Assert that the estimated cost per invocation is under a budget ceiling. Requires a model (set on the test or the suite).

```yaml
- name: cost-under-budget
  assert: max_cost
  max: 0.05
  model: gpt-4o      # optional if set on suite
```

### Regression Assertions

#### `content_hash`

Assert that the prompt content SHA256 hash matches an expected value.

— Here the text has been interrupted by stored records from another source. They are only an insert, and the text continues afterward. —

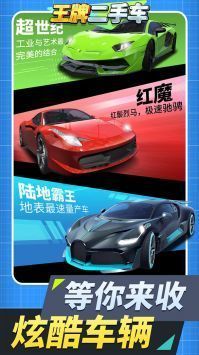 王牌二手车 V0.6.0 安卓版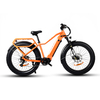 Hard Tail Bike Electric 26" Inch Fat Tyre Bike Bafang 500W Mid Motor Electric Bike 
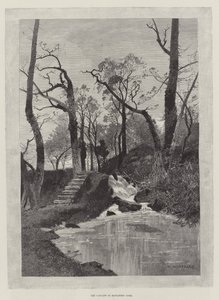 La Cascata nel Parco di Hawarden da Charles Auguste Loye
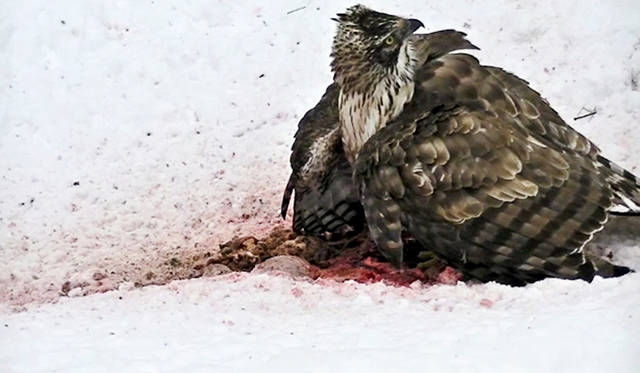 ホンマタカシ『最初にカケスがやってくる』2015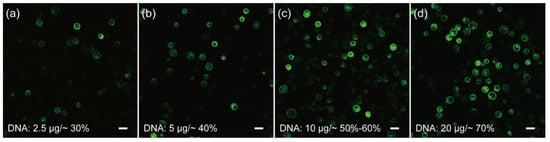 IJMS | Free Full-Text | An Efficient And Universal Protoplast Isolation ...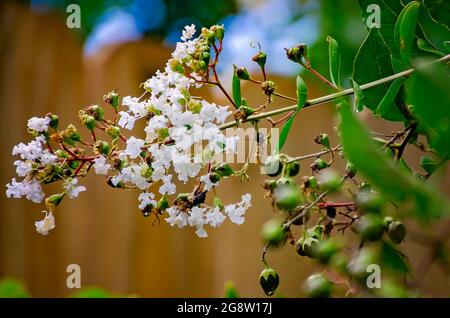 A white crape myrtle tree (Lagerstroemia) blooms, July 18, 2021, in Mobile, Alabama. Stock Photo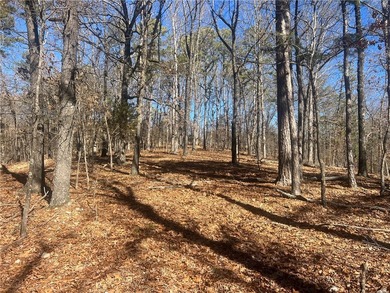 Come enjoy 21.9 +/- acres located near Beaver Lake. This - photo 10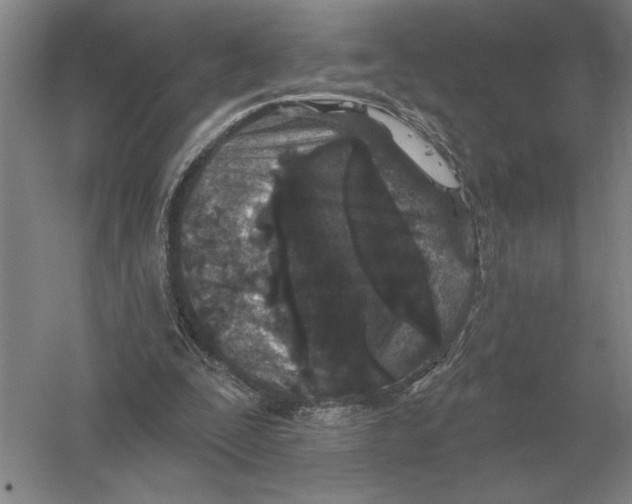 X0000052980295200508051048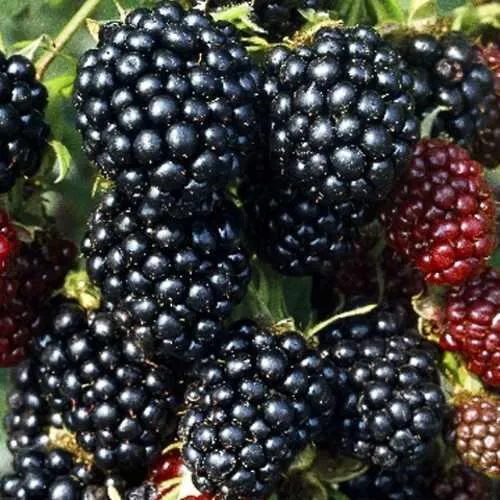 Ежевика ЭВЕРГРИН бесшипная  Ежевика ЭВЕРГРИН бесшипная в Москве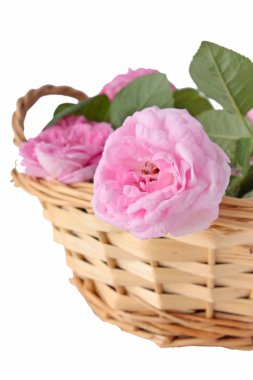 Sepette pembe güller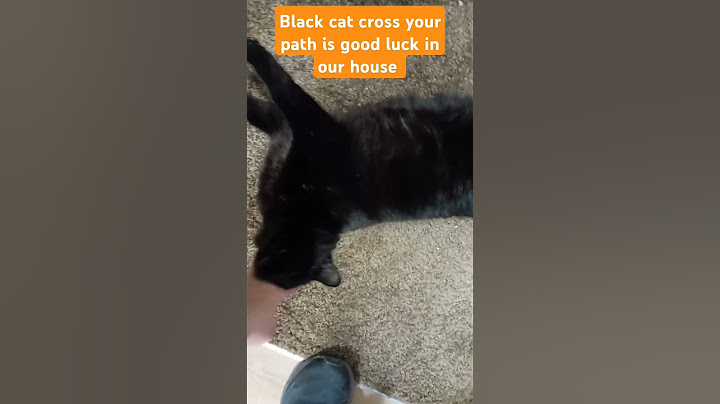 Say hi to Mrs. Deja Vu. Black cats crossing your path is good luck on our house. #timmy #blackcats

Detects unexpected prompt changes.

```yaml
- name: prompt-unchanged
  assert: content_hash
  hash: "a1b2c3d4..."   # omit to record current hash (always passes)
```

If `hash` is omitted, the test passes and reports the current hash so you can record it.

## Test Options

Each test case supports these common options:

```yaml
- name: example-test
  assert: contains
  text: "hello"
  skip: true               # Skip this test
  skip_reason: "not ready" # Reason for skipping
  case_sensitive: false     # For text/regex assertions (default: false)
  model: gpt-4o            # Override suite model for this test
```

## Output Formats

### Text (default)

Rich-formatted terminal output with colored pass/fail indicators.

```
Suite: greeting-tests
Prompt: prompts/greeting.yaml

  PASS  has-system-message
  PASS  token-count-reasonable
  FAIL  no-injection-risk
         Content unexpectedly contains 'ignore previous instructions'
  PASS  cost-under-budget

Results:
  3 passed, 1 failed (4 total)
  Duration: 12ms
```

### JSON

```bash
prompttest run tests/ --format json
```

Returns a JSON object with `total`, `passed`, `failed`, `errors`, `skipped`, `duration_ms`, and detailed `suites` array.

### JUnit XML

```bash
prompttest run tests/ --format junit
```

Standard JUnit XML format compatible with CI systems (GitHub Actions, Jenkins, GitLab CI, CircleCI).

## Programmatic Usage

```python
from prompttest import (
    load_test_suite,
    run_test_suite,
    run_test_file,
    run_test_directory,
    discover_test_files,
    format_text,
    format_json,
    format_junit,
)

# Run a single test file
report = run_test_file("tests/test_greeting.yaml")
print(f"Passed: {report.passed}/{report.total}")

# Run all tests in a directory
report = run_test_directory("tests/", fail_fast=True, pattern="test_*.yaml")

# Format output
print(format_text(report))
print(format_json(report))
print(format_junit(report))

# Load and run a suite manually
suite = load_test_suite("tests/test_greeting.yaml")
results = run_test_suite(suite, fail_fast=False)
for r in results:
    print(f"{r.test_name}: {r.status.value} - {r.message}")
```

## CI Integration

### GitHub Actions

```yaml
- name: Run prompt tests
  run: prompttest run tests/ --format junit > test-results.xml

- name: Upload test results
  uses: actions/upload-artifact@v4
  with:
    name: prompt-test-results
    path: test-results.xml
```

### GitLab CI

```yaml
prompt-tests:
  script:
    - pip install prompttest
    - prompttest run tests/ --format junit > report.xml
  artifacts:
    reports:
      junit: report.xml
```

Exit codes:

| Code | Meaning |
|------|---------|
| 0 | All tests passed (or no tests found) |
| 1 | One or more tests failed or errored |
| 2 | Path not found |

## License

MIT License. Author: Scott Converse.